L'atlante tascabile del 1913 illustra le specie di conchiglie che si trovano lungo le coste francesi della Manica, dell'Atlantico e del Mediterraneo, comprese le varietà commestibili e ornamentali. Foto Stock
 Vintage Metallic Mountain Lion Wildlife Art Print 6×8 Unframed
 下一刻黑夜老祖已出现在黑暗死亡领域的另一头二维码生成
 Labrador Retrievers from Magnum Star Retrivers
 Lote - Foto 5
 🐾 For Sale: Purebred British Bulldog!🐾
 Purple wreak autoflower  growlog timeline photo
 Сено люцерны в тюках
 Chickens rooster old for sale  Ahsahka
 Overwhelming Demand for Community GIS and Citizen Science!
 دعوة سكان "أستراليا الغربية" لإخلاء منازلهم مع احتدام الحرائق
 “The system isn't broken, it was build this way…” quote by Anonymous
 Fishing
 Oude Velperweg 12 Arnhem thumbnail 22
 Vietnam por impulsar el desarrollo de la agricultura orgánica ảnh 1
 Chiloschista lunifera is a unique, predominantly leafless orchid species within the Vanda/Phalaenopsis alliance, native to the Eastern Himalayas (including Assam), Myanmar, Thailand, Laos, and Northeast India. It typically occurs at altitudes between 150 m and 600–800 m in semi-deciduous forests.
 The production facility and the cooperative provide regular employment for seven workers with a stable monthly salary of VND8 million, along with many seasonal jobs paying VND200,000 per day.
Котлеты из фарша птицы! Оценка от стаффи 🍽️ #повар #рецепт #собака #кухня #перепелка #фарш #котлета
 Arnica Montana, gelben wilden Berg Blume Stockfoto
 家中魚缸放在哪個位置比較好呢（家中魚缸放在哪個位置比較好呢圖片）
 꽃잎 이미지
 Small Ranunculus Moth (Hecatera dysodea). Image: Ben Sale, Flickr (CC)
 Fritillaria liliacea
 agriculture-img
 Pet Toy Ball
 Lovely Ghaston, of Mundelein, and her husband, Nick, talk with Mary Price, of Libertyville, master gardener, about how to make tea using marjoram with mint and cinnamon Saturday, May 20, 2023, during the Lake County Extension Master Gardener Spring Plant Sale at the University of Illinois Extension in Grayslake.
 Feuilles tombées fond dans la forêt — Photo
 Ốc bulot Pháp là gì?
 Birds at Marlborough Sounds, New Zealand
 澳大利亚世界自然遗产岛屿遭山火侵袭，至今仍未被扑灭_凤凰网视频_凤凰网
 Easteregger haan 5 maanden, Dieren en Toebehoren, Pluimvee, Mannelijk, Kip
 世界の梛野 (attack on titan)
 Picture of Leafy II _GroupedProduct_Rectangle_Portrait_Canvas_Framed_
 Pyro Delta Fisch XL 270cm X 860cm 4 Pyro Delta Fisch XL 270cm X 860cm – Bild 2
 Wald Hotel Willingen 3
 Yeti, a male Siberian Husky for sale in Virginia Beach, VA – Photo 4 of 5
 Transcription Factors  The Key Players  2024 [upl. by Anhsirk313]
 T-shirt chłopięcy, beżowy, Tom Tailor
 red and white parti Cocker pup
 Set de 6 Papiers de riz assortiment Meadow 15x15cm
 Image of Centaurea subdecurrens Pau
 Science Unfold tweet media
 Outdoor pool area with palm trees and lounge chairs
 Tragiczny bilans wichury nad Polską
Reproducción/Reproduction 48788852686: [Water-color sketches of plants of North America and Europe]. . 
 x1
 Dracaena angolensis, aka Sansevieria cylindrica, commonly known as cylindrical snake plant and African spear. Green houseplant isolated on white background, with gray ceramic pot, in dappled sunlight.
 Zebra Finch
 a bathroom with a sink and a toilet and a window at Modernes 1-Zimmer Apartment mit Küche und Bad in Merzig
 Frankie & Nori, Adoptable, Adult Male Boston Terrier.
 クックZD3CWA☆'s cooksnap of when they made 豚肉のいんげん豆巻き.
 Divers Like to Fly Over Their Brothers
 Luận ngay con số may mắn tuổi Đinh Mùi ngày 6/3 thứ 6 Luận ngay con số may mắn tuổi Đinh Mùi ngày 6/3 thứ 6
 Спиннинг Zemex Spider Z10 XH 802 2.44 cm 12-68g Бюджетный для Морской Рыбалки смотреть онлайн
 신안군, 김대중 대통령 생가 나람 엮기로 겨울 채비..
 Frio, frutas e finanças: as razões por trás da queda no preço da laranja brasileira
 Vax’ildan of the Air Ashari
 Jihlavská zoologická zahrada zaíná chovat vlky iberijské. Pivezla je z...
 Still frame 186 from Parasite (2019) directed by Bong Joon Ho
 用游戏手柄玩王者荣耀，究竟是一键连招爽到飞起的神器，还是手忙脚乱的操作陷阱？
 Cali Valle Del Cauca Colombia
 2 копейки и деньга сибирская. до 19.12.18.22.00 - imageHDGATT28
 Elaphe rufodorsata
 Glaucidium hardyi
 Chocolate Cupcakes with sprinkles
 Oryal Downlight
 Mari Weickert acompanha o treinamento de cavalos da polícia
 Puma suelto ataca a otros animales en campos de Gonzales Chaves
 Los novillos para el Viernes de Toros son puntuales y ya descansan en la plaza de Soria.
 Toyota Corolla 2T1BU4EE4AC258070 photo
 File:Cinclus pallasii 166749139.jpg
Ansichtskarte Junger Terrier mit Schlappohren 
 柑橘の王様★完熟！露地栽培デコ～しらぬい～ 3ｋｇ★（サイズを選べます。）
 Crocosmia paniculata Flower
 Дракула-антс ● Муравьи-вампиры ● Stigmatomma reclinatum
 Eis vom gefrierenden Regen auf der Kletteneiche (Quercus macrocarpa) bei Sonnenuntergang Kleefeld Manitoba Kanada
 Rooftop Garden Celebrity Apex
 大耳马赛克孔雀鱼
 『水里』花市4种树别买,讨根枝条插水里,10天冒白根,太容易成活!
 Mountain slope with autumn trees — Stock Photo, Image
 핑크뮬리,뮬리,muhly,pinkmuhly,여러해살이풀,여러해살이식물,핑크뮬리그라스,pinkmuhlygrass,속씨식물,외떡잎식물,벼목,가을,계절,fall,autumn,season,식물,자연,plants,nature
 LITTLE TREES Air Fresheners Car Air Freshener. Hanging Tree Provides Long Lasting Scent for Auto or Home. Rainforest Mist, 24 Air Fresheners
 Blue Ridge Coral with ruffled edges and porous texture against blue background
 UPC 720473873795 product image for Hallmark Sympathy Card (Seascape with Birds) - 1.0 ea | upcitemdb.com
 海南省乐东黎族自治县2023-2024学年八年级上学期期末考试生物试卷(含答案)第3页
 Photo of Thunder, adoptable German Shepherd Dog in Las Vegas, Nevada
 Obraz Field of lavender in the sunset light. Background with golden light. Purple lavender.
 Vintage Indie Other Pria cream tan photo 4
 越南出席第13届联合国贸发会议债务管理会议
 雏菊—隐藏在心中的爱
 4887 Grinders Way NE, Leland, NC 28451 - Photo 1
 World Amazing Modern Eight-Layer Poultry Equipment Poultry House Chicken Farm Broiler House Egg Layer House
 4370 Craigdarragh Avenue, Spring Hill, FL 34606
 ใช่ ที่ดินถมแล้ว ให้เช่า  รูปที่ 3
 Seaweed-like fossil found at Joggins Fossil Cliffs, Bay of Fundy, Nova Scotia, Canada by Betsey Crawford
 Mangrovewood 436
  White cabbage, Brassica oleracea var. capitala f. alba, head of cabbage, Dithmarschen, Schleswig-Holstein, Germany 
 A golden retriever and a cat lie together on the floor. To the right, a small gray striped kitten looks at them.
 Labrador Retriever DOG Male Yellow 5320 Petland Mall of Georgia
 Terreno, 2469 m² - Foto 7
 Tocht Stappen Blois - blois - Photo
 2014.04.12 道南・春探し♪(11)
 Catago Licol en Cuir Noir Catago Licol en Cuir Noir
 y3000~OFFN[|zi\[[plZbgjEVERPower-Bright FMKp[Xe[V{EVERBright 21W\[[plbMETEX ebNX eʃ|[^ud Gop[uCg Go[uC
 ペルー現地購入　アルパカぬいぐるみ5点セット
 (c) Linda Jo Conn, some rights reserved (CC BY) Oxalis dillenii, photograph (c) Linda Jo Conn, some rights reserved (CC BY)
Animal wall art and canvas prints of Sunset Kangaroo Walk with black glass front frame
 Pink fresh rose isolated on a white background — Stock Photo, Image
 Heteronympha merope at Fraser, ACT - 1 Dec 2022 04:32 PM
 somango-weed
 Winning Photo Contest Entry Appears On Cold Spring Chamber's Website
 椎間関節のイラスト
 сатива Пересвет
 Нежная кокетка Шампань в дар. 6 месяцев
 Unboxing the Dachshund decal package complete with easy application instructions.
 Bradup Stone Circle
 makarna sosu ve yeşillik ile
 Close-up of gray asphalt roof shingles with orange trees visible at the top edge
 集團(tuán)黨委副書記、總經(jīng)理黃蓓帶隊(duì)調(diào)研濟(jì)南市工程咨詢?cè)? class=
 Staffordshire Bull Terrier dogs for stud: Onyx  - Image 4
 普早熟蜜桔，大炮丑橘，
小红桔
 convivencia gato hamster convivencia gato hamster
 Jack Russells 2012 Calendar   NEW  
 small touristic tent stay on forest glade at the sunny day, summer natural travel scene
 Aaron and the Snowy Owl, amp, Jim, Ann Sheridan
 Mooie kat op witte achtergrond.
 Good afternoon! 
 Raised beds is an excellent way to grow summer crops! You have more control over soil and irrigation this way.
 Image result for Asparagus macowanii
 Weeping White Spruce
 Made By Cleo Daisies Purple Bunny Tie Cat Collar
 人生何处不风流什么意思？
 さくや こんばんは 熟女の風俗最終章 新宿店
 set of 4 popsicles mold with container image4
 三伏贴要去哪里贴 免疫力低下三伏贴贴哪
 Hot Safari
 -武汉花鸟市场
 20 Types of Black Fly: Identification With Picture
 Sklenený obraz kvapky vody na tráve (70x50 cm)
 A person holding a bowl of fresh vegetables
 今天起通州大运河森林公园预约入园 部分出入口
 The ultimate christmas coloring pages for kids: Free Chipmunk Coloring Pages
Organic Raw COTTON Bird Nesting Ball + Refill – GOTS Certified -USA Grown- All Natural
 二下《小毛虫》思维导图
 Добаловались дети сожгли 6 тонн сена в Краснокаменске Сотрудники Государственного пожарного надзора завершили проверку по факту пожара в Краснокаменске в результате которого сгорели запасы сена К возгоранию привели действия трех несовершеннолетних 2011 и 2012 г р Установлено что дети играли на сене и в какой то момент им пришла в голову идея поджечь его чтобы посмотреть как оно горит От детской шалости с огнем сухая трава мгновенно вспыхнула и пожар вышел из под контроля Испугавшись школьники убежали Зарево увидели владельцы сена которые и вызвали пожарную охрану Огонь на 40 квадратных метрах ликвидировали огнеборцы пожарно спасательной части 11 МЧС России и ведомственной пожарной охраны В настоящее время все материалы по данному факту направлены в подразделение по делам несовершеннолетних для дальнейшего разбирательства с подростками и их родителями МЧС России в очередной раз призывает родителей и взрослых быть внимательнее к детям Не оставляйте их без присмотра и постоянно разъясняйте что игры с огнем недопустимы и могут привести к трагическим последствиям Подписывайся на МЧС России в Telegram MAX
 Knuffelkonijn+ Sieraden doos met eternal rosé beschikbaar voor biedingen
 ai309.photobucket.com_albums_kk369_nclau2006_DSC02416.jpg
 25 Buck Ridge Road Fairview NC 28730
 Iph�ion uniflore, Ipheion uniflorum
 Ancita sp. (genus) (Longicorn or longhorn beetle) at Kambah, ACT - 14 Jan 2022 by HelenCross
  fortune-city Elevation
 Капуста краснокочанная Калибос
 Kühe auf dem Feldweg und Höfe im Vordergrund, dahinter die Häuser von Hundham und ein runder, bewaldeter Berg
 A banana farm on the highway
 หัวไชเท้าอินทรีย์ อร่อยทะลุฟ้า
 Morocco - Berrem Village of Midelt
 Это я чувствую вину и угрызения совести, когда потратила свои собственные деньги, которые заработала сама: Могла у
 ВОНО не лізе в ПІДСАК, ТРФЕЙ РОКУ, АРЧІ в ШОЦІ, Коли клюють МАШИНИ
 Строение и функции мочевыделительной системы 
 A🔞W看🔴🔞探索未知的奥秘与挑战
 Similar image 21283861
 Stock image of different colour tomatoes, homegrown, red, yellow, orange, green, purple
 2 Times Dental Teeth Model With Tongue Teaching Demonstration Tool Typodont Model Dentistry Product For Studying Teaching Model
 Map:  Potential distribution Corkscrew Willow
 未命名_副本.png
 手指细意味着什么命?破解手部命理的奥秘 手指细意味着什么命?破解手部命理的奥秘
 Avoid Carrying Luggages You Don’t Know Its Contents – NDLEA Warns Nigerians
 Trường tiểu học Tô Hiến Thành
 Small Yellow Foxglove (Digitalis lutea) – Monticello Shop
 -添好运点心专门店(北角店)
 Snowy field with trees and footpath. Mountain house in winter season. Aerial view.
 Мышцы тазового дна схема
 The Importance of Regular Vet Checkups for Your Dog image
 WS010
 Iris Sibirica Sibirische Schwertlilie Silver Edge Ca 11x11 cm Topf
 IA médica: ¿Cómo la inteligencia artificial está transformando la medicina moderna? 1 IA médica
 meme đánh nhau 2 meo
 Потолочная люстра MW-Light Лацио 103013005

• • • •

▸ **Action item**
Find the word "Terrier" in the listing above. Copy each line where it appears.

▸ **Task answer**
 Frankie & Nori, Adoptable, Adult Male Boston Terrier.
Ansichtskarte Junger Terrier mit Schlappohren 
 Staffordshire Bull Terrier dogs for stud: Onyx  - Image 4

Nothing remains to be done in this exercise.